Cabaret, préparatifs |
C'était la lumière qui tombait oblique sur les cheveux bleus de Marie : c'était la troupe, à peine formée, tendue déjà, aux gestes efficaces, le ballet autour des plats communs, assis à même le sol.
C'était les feuilles scotchées, les décors, les réglages ; la répétition, les coulisses, les loges, les enchaînements.
A un moment donné de la soirée, je devenais le Déménageur - masque, t-shirt rose. Un par un, les spectateurs montaient vers notre décor - une ourse aux platines, un fakir enturbanné, une table de massage. Un crâne de sanglier. Ils s'allongeaient, les yeux remplis d'une vidéo aux images dansantes, et la musique commençait. La musique, et le massage/message des mots.
- C'est une drogue, votre truc", a lancé un des spectateurs à l'issue des quelques minutes de bombardement sensitif.
Peut-être l'effet recherché.
Puis à nouveau se glisser dans les personnages, entre les corps, dans la salle.

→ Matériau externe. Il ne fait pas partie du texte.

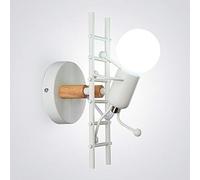 Mengjay Humanoid Creative Wall Light Indoor Wall Lamp Modern Wall Sconce Light Art Deco Iron E27 Base for Bedroom, Children Room, Hallway, Restaurant, Stair, Kitchen, White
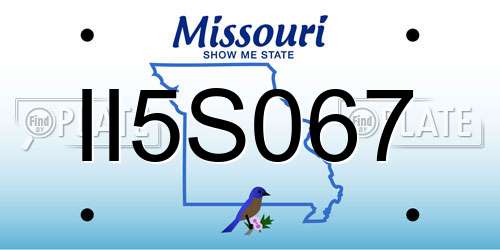 II5S067 Missouri License Plate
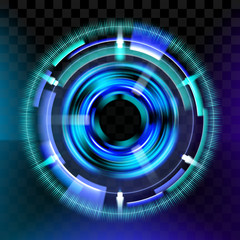 Magic light effects. Illustration isolated on dark background. Mystical portal. Bright sphere lens. Rotating lines. Glow ring. Magic neon ball. Abstract design logo. Vector.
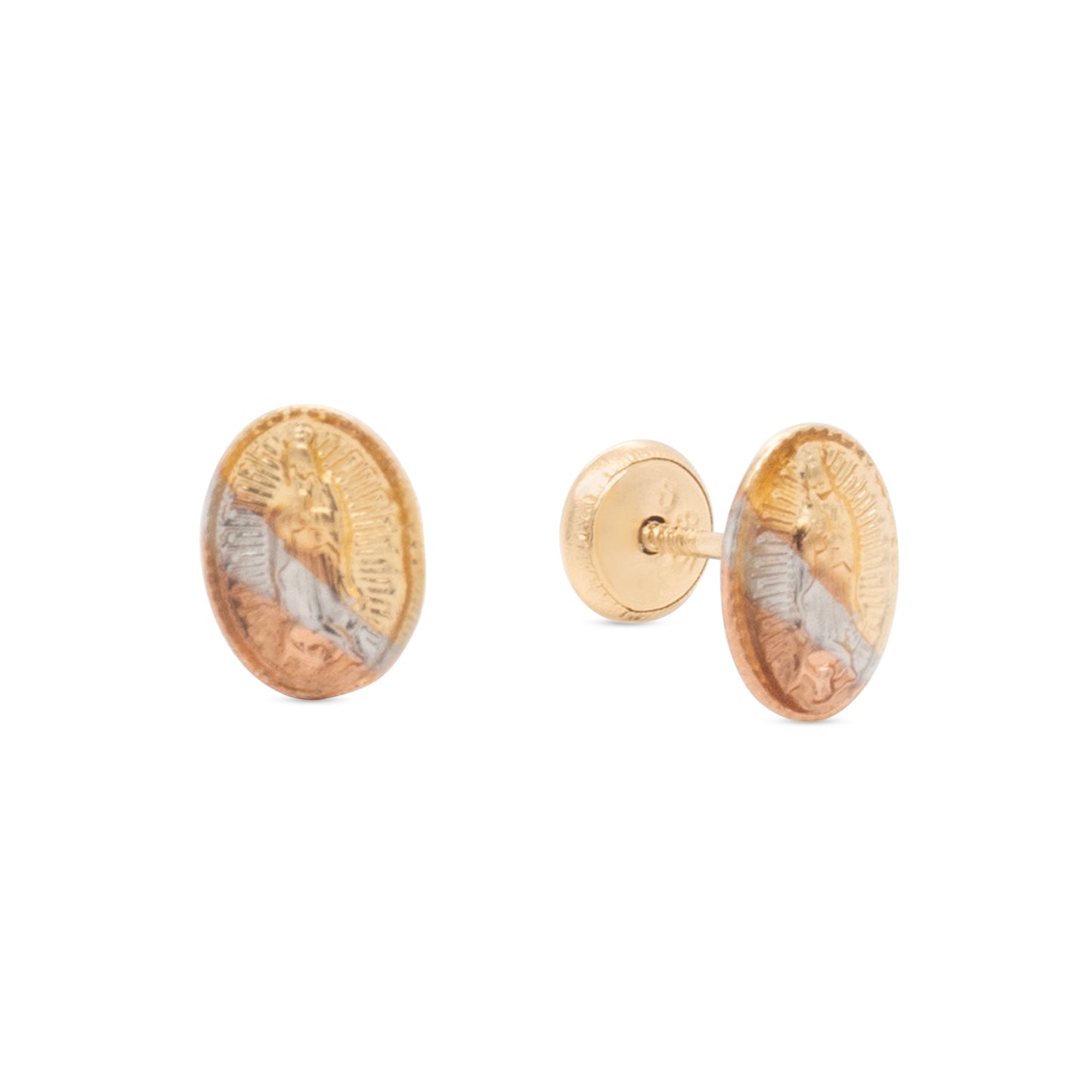 14K Tri-Color Gold Small Virgin Guadalupe Screwback Earrings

Caresser, jouer des yeux, du torse ; danser, faire semblant. Séduire, aguicher.
Les spectateurs hésitaient entre surprise, rire gêné parfois, admiration et trouble. L'une a fui, épouvantée ; l'autre se plaignait d'un manque d'érotisme. Trop ou pas assez suggéré : les numéros alternaient performances sur le corps, chanson post-réaliste et numéros de cabaret. L'ensemble était - le but du jeu ? - déstabilisant, dense, incomplet.

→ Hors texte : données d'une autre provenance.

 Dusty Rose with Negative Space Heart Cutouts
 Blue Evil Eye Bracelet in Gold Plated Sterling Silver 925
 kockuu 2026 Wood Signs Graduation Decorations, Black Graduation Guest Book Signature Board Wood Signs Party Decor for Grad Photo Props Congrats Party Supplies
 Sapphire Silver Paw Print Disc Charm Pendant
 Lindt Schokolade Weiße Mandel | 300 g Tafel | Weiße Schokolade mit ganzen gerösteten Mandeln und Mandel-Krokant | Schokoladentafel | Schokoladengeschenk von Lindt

Quelques retours, glânés ça et là : "Ca laisse à désirer sans laisser à désirer" (de la bouche d'une artiste qui néanmoins envisage de faire partie de la prochaine édition) ; "trop petit, ce n'est pas érotique de se faire marcher sur les pieds" ; "on dirait un bordel de l'avant-guerre" ; "pourquoi l'érotisme ressemble autant à la décadence ?" ; "où est l'intention, dans tout ça ? Pourquoi les propositions ne sont-elles pas plus abouties ?", "C'est chouette, c'est amateur, et maintenant, ça devient quoi ?". Et aussi, souvent, "C'est bien. J'ai aimé, merci."
J'ai pensé quelques instants à ce que diraient mes chers amis ââârtistes, ceux qui ont un avis sur tout et en particulier sur le travail des autres quand eux-mêmes ne font rien. "Déjà vu", auraient-ils dit, "Pas terminé. Ridicule comme un club échangiste de province", pourquoi pas ?
Mais cinquante personnes ont travaillé de concert (et bénévolement) ; transformé un lieu de fond en comble, organisé un programme, passé par-delà les querelles, les égos, l'épuisement parfois ; cinquante personnes ont mené ensemble une envie jusqu'à son terme provisoire. Le Cabaret Erotique From Toulouse France existe, et c'est déjà énorme ; je suis curieux de voir où il ira maintenant.
2) Danse
Je n'y connais rien en danse, mais la plaquette (signée Philippe Ségur) m'avait avertie : ne pas chercher de sens. Se laisser prendre aux images, aux sons. Et c'est ce que j'ai fait : juste ouvert les yeux sur EWS - Les yeux grands fermés, de la compagnie Barra-Foglia.
Juste tester les limites de l'élastique, de la chute, de la verticalité ; se profiler dans la lumière, entouré de sons métalliques, profonds. Tourner, souffrir, se relever, reprendre. Toucher au corps, à sa surface profonde : un beau moment d'apesanteur.
C'est au Vent des Signes jusqu'à la fin de la semaine. Tu t'y plairas.
3) Correspondre
Récapituler face à une autre, virtuelle et pourtant présente ; tendre, tendre vers elle, vers lui, crépiter comme les mots. Imaginer les phrases, les scénarios. Une rencontre avant la rencontre.
Voilà qui me préoccupe, en ce moment - dépasse le quotidien, le normal, le laborieux. Voilà qui m'entraîne en avant.
Ce n'est pas sans danger, évidemment. Pour les sentiments réels ; pour le temps qui se consume, pour le chemin qui se dessine hors des rails de sécurité. Pour l'autre, réelle, qui attend près de moi, moitié virtuel.
Au même moment, une autre voix m'interroge : pourquoi ce besoin presque vital de s'éloigner, de se rapprocher d'un ailleurs, d'un autre virtuel ? Une fuite, une suite, une réussite ? Un pari, un projet, une échappatoire ? Ou simplement avancer sans mensonge / dans l'honnêteté du mensonge, ou réciproquement ?
Rechercher la logique dans la diagonale du fou.
Rêver d'amour comme d'une torche, allumant d'autres feux au passage sans jamais s'épuiser / se réveiller les pieds dans le mélodrame / interroger les sentiments.
Peut-être que je cherche à me perdre, tout simplement. Ou à trouver un chemin sans panneau signalétique ni moralisateur.